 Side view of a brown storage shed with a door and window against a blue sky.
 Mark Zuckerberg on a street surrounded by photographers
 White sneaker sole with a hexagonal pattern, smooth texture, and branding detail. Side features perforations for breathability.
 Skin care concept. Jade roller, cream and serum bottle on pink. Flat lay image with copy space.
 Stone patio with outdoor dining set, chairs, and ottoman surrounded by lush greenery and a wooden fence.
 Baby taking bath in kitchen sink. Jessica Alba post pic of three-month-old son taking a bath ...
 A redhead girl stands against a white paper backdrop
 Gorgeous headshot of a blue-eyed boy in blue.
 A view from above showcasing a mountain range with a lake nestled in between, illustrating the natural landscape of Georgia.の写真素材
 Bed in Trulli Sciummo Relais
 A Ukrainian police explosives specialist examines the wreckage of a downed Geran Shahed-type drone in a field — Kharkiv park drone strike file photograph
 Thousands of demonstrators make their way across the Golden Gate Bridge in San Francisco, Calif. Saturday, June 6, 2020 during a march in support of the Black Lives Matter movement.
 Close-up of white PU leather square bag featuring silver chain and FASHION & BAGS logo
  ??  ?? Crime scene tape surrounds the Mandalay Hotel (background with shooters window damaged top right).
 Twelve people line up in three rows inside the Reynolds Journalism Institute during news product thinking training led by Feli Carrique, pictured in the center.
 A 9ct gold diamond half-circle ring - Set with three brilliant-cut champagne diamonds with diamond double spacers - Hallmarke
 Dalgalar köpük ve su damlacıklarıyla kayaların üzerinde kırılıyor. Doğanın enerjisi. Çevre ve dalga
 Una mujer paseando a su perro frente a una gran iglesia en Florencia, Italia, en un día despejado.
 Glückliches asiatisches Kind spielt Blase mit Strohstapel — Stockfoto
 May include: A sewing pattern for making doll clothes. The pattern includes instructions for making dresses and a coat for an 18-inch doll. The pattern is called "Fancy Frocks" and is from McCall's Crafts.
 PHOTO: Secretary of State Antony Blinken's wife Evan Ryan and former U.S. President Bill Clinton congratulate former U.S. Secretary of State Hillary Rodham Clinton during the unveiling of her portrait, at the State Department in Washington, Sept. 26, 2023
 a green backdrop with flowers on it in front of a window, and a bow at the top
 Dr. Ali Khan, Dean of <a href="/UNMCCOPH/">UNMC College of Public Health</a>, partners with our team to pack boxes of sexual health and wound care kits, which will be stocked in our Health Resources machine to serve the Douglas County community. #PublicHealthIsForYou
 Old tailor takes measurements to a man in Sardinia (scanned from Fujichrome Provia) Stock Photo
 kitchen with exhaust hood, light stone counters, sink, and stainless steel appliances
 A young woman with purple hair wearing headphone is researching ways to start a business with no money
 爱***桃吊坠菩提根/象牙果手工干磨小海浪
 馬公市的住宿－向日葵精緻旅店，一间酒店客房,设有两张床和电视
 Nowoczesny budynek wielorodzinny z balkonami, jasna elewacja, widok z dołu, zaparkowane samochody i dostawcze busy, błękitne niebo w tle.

**What the task asks:** Could you please find every line of the listing above holding the string "surrounded" and copy it?

**Output for this task:**
 Mark Zuckerberg on a street surrounded by photographers
 Stone patio with outdoor dining set, chairs, and ottoman surrounded by lush greenery and a wooden fence.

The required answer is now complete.